The idea, Senior Master Sgt. Doug Kestranek said, "is to stop the bleeders and get the airways open."

Tuesday, the rescue jumpers parachuted out and tended to their mock victim. Within 20 seconds of the Pave Hawk's touching down, they had loaded him aboard.

The unit conducts similar training exercises throughout the year. The work has proven useful away from the battlefield.

Lowe, for example, didn't think he would be rescuing people from a drowned American city when he became a pilot in 2002. But he and his unit were in New Orleans within hours after the storm.

Though there was little coordination at first, finding victims was easy.

"We went in after dark," he said, "and every single roof in the city had someone with a flashlight on it. Just thousands of them."

So Lowe and his crew dropped down and began pulling people out.

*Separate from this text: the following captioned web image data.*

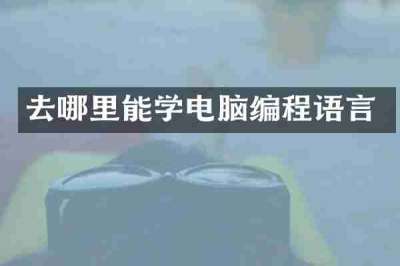 去哪里能学电脑编程语言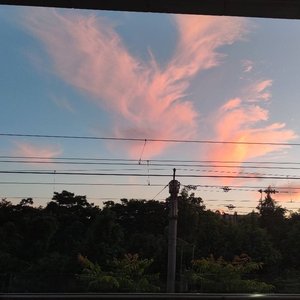 四季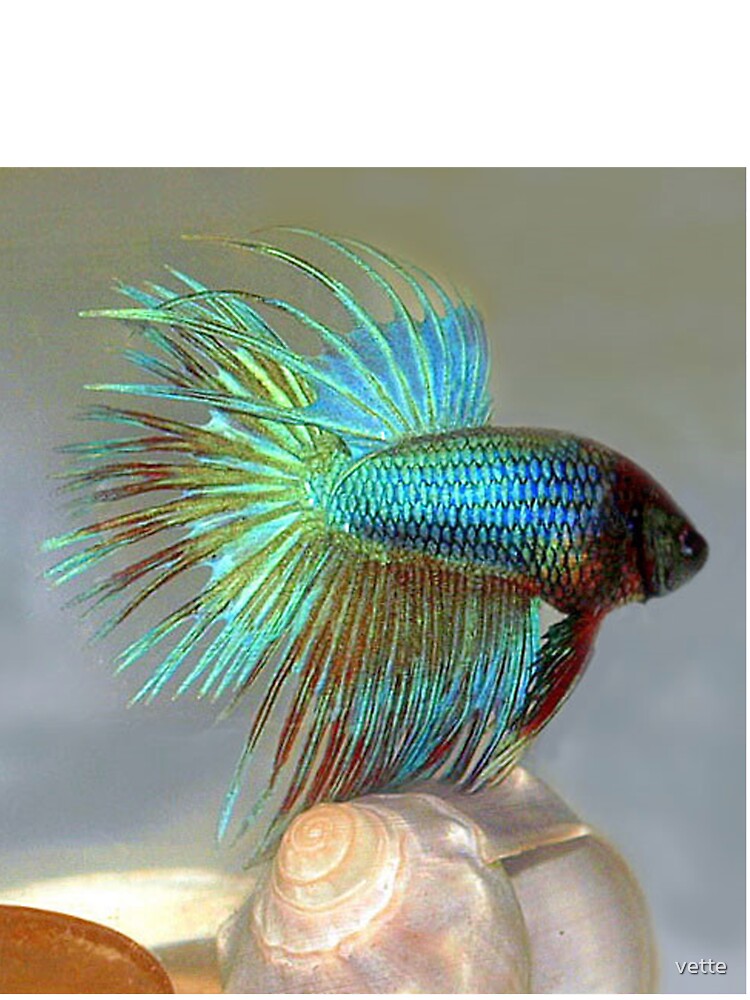 fantail betta fish
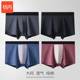 内裤 40支棉男士 中腰加大码 桔内木木男士 平角裤 9932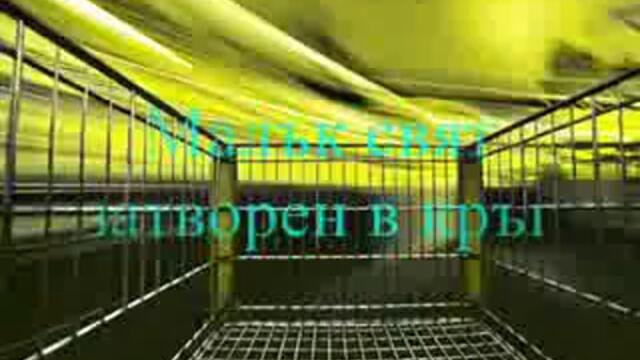 Извън отражението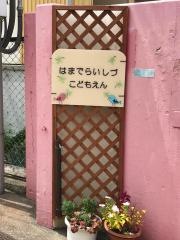 浜寺石津こども園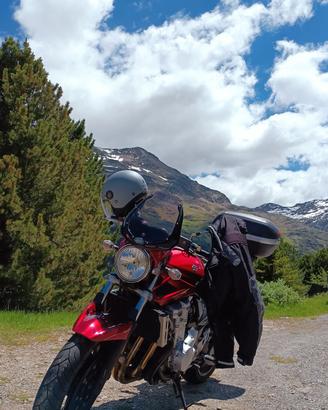 splendida Suzuki bandit 650
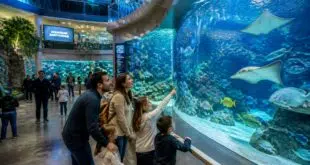 explorez les fascinantes créatures marines de l'aquarium à saint-étienne, une sortie idéale pour toute la famille alliant découverte et amusement.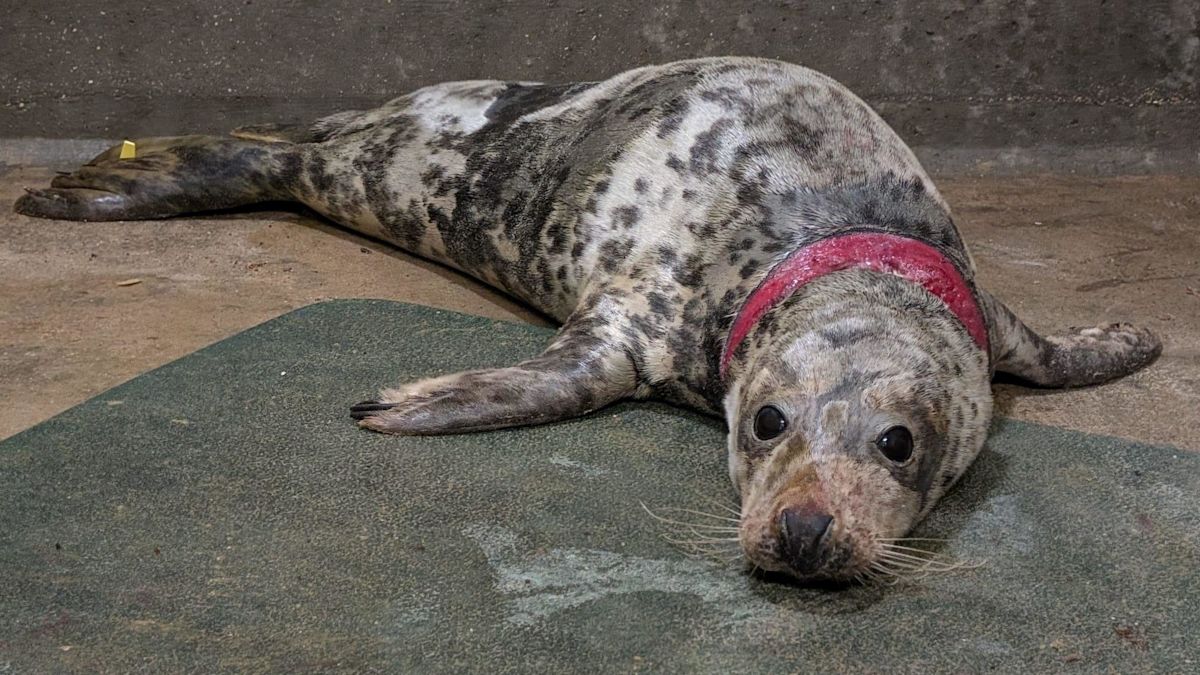 Seal 'anchored' down by debris needs months of care
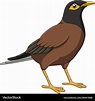 Cute myna bird cartoon Royalty Free Vector Image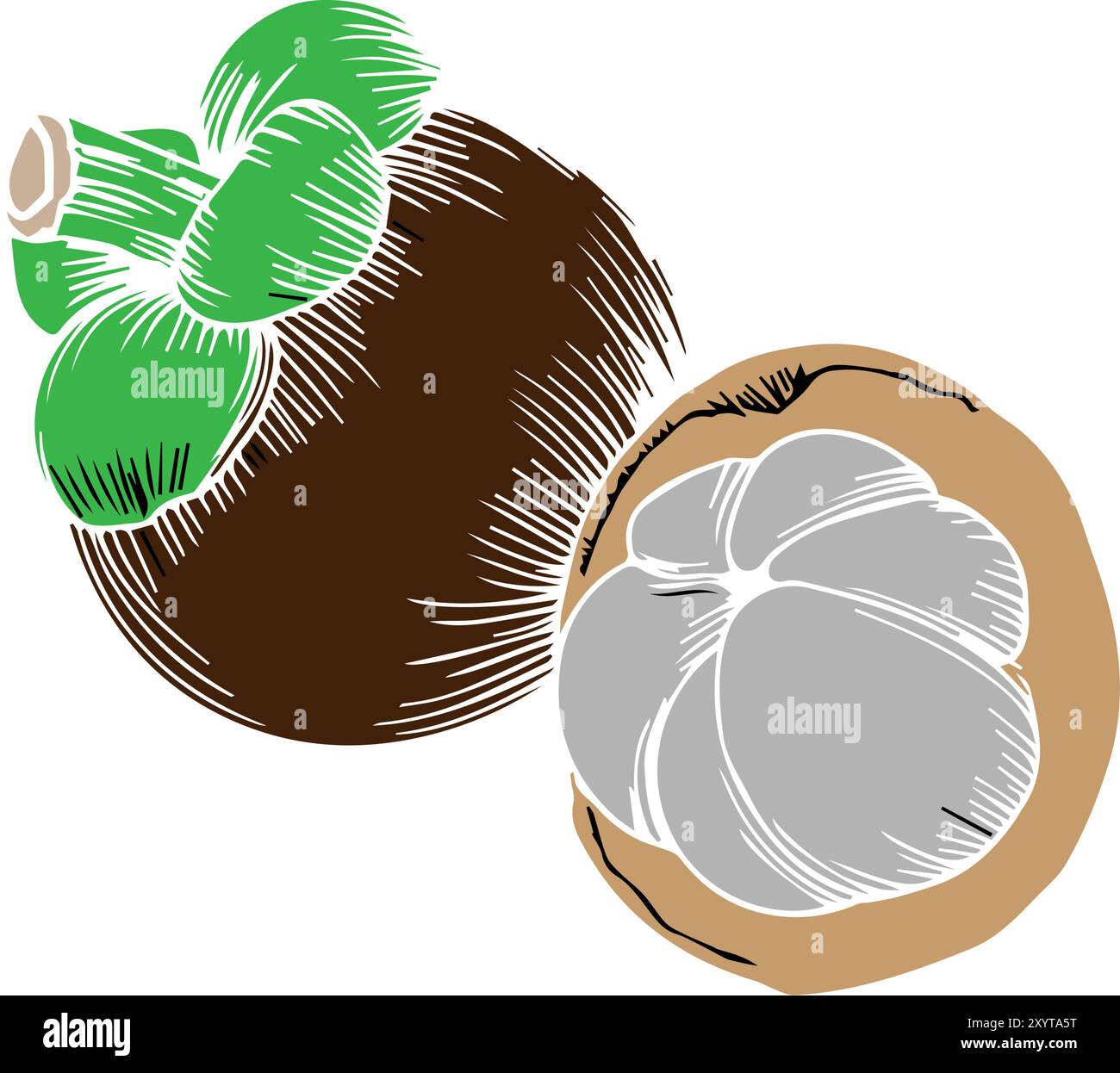 illustrazione dell'icona del mangostano Illustrazione Vettoriale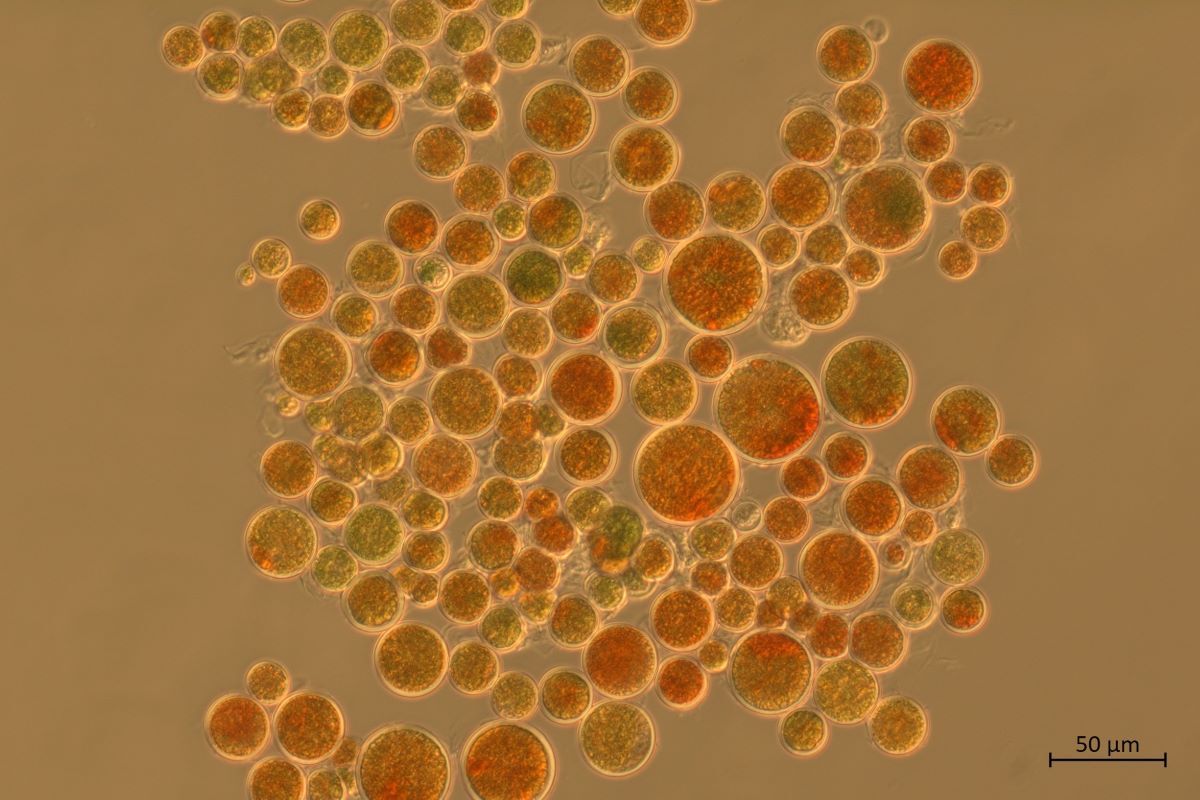West Coast Today - News - Unique algae collection marks 20 years of growth
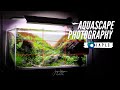 Watch this before taking your #IAPLC2021 Picture - The Aquascape Photography GUIDE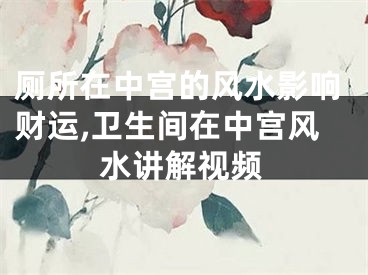 厕所在中宫的风水影响财运,卫生间在中宫风水讲解视频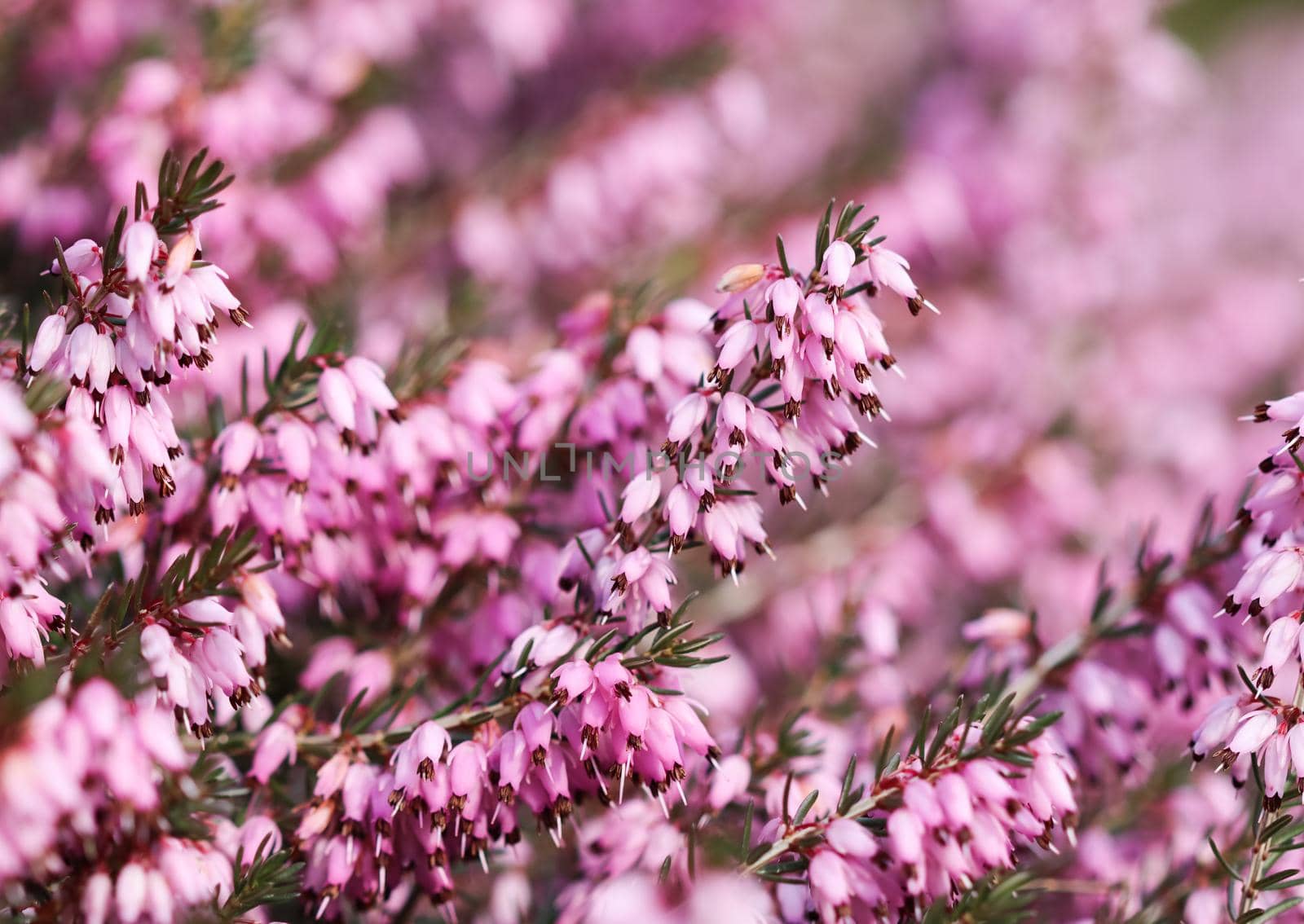 Pink Erica carnea flowers (winter Heath) in the garden in early spring. Floral background, botanical concept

Most victims were hoisted up in a safety harness lowered from the helicopter. But in some cases, that was impossible or too slow. Lowe said that at one point, a rescue jumper -- tethered to the inside of the copter -- lay on his stomach, reached out and pulled people in.

"He said, 'Take it down another foot, and I can just grab them,' " Lowe said. "So that's what we did."

In all, Lowe's crew rescued 278 people during the time in New Orleans. This weekend, he and the 920th will be honored by the Air Force Association for work during Katrina and elsewhere.

Lowe said combat and humanitarian rescue work offer different challenges.

But they're equally rewarding.

"A life is a life," he said. "It doesn't matter where you're from."

you've got to ask yourself one question: 'Do I feel loquacious?' -- well do you, punk?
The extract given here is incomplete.